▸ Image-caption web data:
·····

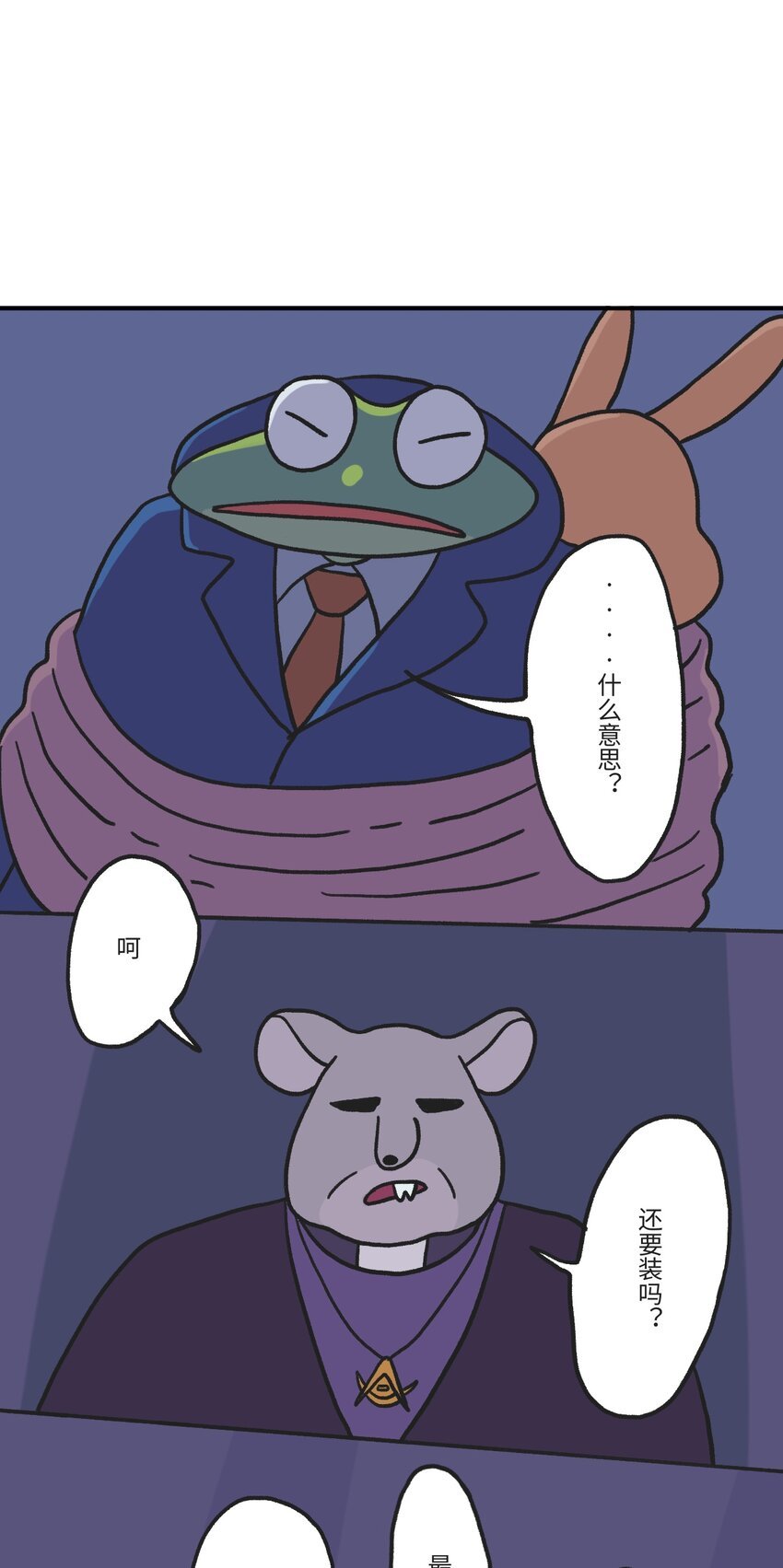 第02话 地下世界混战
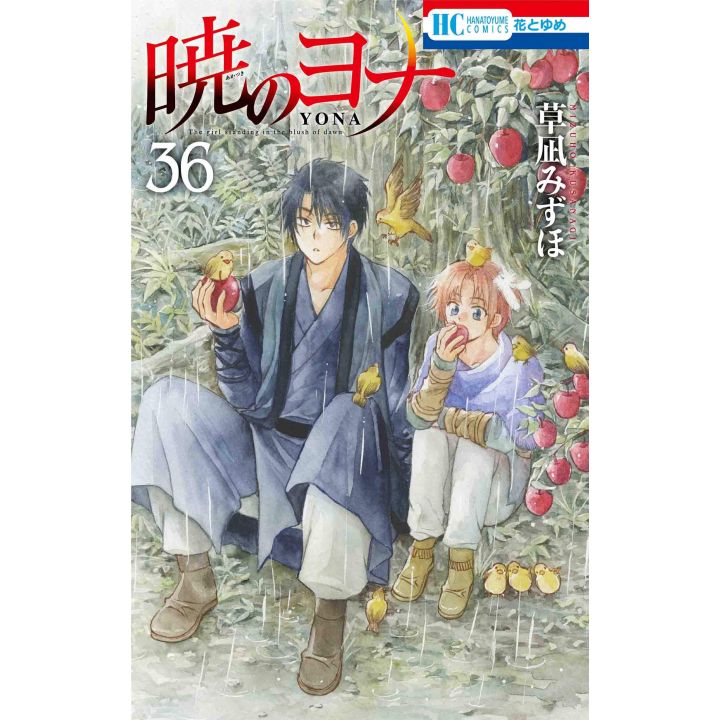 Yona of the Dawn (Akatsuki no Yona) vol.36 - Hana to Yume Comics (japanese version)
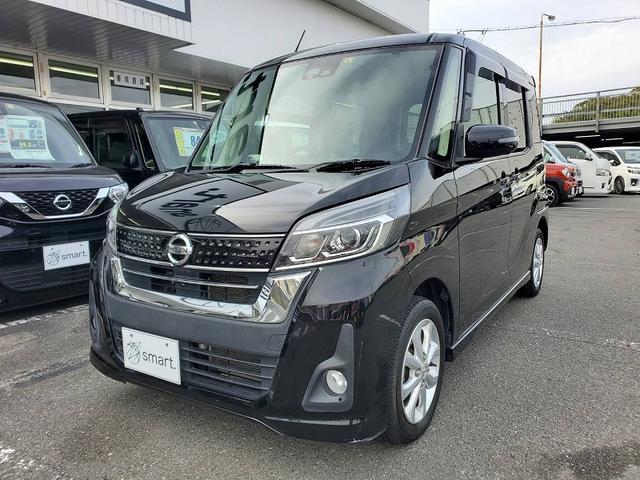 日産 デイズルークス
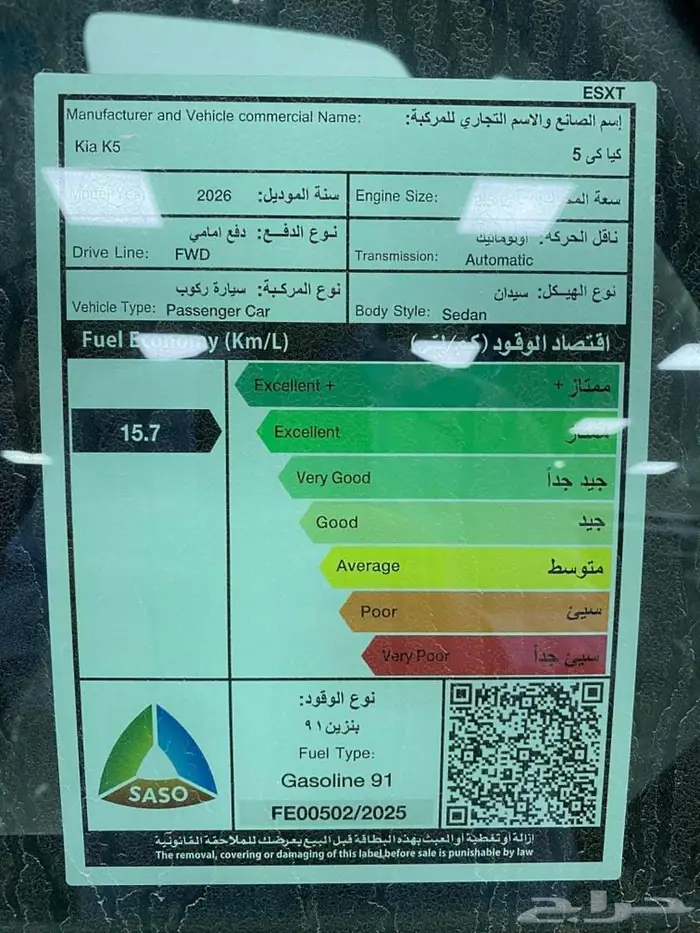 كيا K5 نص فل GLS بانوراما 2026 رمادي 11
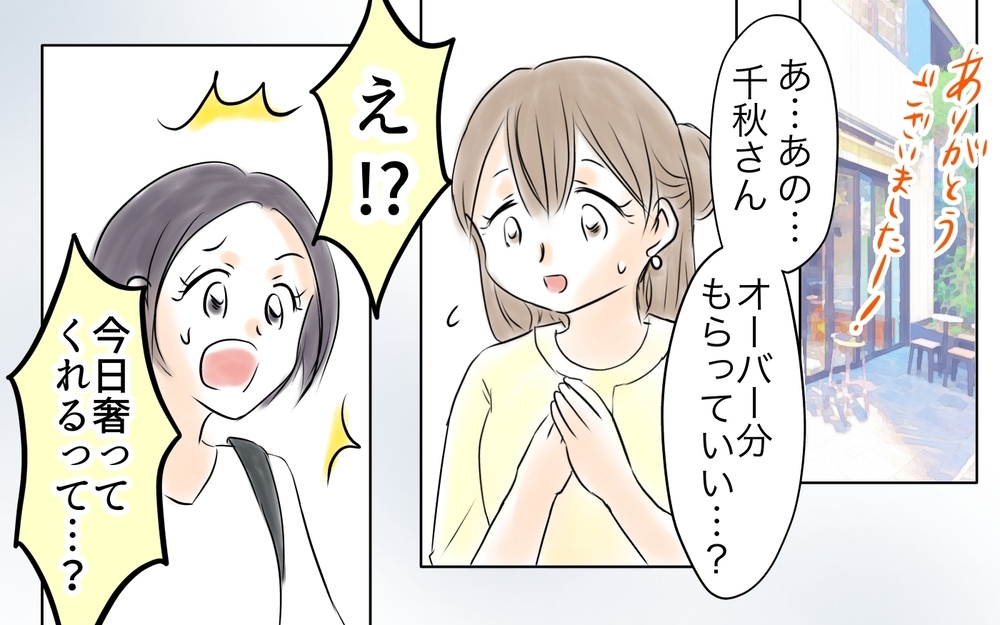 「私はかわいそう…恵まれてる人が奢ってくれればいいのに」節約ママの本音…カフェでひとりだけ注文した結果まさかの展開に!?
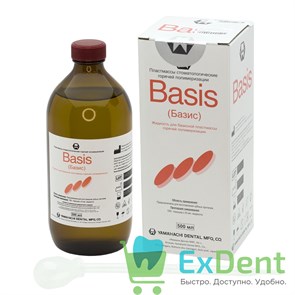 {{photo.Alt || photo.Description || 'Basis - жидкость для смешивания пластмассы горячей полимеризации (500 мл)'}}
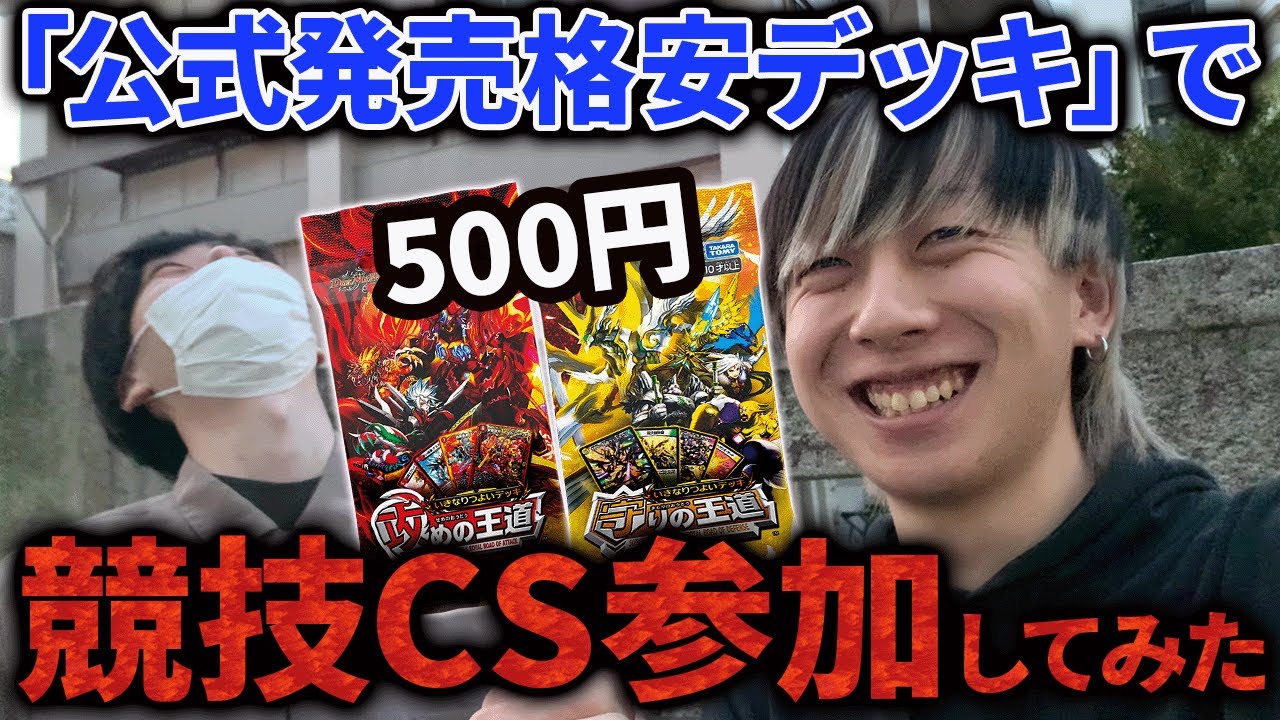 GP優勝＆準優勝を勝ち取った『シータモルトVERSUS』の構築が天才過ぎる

·····

▸ Exercise requirements: The lines wanted run from the line containing "Yona of the" through the end of the entries; return them exactly, both ends included, and keep pictures out.

▸ Result:
 Yona of the Dawn (Akatsuki no Yona) vol.36 - Hana to Yume Comics (japanese version)
 日産 デイズルークス
 كيا K5 نص فل GLS بانوراما 2026 رمادي 11
 「私はかわいそう…恵まれてる人が奢ってくれればいいのに」節約ママの本音…カフェでひとりだけ注文した結果まさかの展開に!?
 {{photo.Alt || photo.Description || 'Basis - жидкость для смешивания пластмассы горячей полимеризации (500 мл)'}}
 GP優勝＆準優勝を勝ち取った『シータモルトVERSUS』の構築が天才過ぎる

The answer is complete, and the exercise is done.